# leicht verwackelt und unscharf



## Robert Steichele (26. Juli 2004)

Hab mit meiner Kamera (Canon Powershot S50) momentan das Problem, das viele Bilder leicht verwackelt oder unscharf sind. Muß dazu sagen, dass viele davon bei schlechten Lchtverhältnissen als Schnappschüsse entstehen. Die Kamera braucht relativ lange bis sich sich scharf stellt.
Trotzdem sind dann viele Bilder unscharf.

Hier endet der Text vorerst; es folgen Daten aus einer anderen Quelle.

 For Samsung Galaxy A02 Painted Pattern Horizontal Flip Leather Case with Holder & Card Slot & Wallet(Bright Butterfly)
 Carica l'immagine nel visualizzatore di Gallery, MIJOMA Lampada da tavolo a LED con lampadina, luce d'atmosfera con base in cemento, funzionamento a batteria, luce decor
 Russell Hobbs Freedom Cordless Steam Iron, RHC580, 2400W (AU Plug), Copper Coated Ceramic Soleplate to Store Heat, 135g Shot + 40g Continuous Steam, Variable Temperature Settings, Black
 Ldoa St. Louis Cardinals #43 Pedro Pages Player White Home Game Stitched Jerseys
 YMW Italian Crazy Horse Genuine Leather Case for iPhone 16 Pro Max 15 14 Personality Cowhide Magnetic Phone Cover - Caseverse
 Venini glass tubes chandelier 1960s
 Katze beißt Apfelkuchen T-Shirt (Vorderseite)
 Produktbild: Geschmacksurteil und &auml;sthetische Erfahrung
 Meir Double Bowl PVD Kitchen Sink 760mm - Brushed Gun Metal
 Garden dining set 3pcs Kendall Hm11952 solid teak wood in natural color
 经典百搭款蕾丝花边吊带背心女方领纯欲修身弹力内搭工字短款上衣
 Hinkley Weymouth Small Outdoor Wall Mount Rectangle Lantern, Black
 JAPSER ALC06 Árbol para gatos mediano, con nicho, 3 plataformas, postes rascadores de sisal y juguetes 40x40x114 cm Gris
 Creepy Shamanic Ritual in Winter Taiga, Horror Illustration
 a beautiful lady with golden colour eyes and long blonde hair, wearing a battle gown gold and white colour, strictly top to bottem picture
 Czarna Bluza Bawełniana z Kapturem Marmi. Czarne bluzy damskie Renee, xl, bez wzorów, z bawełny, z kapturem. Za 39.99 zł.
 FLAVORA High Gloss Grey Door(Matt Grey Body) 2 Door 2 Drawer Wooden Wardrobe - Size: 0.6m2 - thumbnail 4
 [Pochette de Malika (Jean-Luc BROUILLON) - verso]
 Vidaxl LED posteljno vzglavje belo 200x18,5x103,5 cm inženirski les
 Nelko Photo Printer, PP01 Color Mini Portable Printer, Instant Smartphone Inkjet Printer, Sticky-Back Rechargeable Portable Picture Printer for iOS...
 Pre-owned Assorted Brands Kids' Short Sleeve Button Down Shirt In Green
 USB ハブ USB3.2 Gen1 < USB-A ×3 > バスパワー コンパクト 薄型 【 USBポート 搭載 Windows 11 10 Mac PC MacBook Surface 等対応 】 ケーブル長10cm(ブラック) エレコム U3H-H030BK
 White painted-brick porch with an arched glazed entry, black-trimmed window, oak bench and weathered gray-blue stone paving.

Kann ich da was dagegen machen? Eigentlich sollte diese Kamera schon gute Fotos machen.

Gruß
Robert


----------



## ShadowMan (26. Juli 2004)

Blitz einschalten 

Dann dürfte es eigentlich gehen oder dann immer noch nicht?

Gruß,
Manuel ;-]


----------



## Robert Steichele (26. Juli 2004)

Naja eigentlich blitzt er schon immer. Teilweise sind sie jarichtig scharf, aber andere dann wieder total unscharf.


----------



## Jotho (28. Juli 2004)

Das liegt an der Verschlusszeit. Wenn es zu finster ist, hellt er das Bild automatisch mit der Belichtungsautomatik auf, dadurch steigt die Verschlusszeit und es verwackelt. Ich dachte mr bei meiner neuen CAM, das geht eh leicht, und dann sind die Nachtaufnahmen etwas schwierig.


----------